Although the bowl exhibits a warm translucency, the walls were potted thickly enough to allow for the carving in relief of the twelve overlapping upright lotus petals covering the exterior of the bowl, from foot to the slightly everted lip rim. The appearance of such lotus petals appears prevalent among early Song white-ware decoration in north and south alike, kilns in Guangdong and Hebei providing numerous examples of this decorative device (figs. 1-5). This effective embellishment reflects the persistence of earlier metalwork influence on Song-dynasty ceramic art and in the early Song was, in fact, often the exclusive decoration on such ware.
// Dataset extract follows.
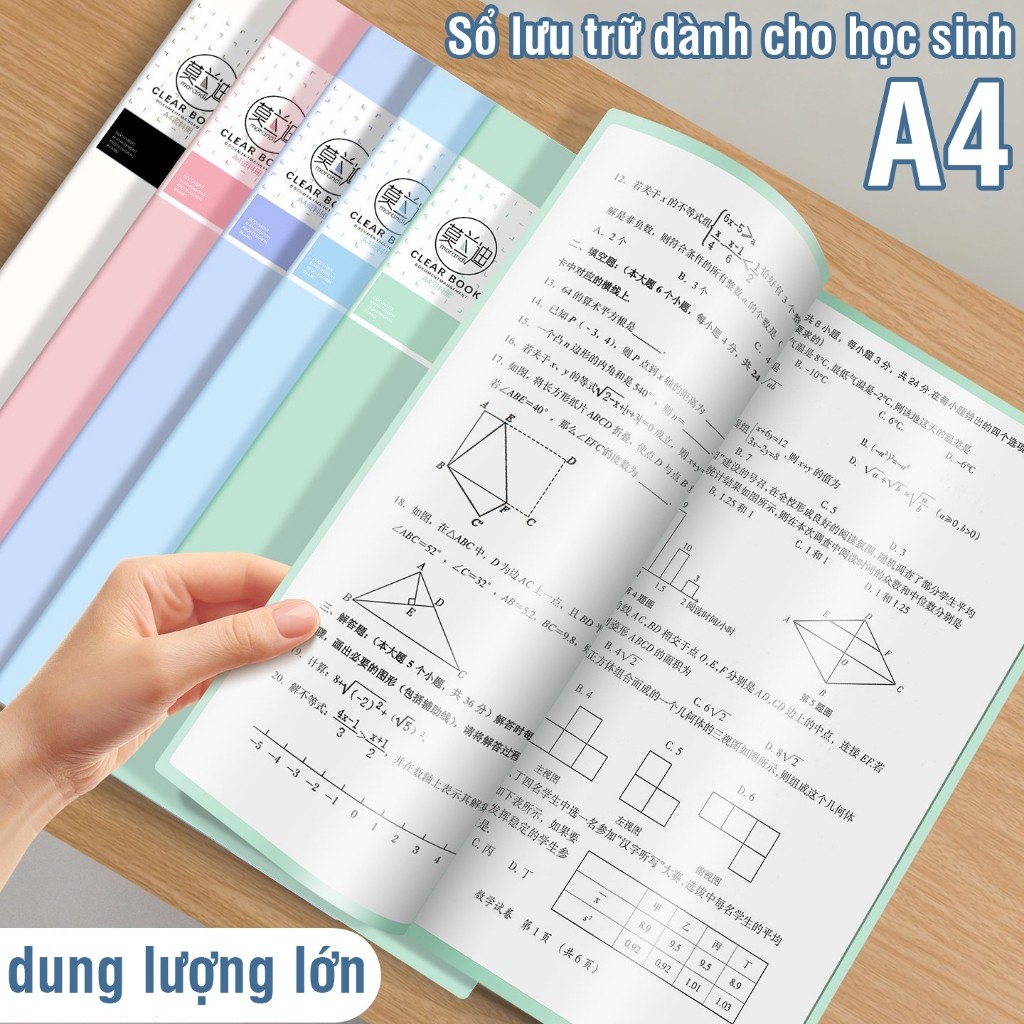 File lá A4 đựng tài liệu văn phòng 30/60 lá, tệp nhiều ngăn PP cao cấp chống nước chống bẩn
The bevelled foot of the bowl (with drill holes left from a TL test) is relatively thick and surrounds the sunken unglazed base where the refined white-colored body is visible. The clear colorless glaze is smooth and bright. In certain areas, for example, in the line or crevice where the foot meets the body, there is a tinge of blue, reminiscent of the bluish cast of some Xing ware ceramics produced in Hebei during the Tang period.
While visually akin to the Guangdong wares, whose bodies are, however, normally coarse in nature and with rather milky somewhat greyish-colored glazes, the present white-bodied bowl with its clear colorless glaze, is more akin to the wares produced in the north, during the Northern Song period.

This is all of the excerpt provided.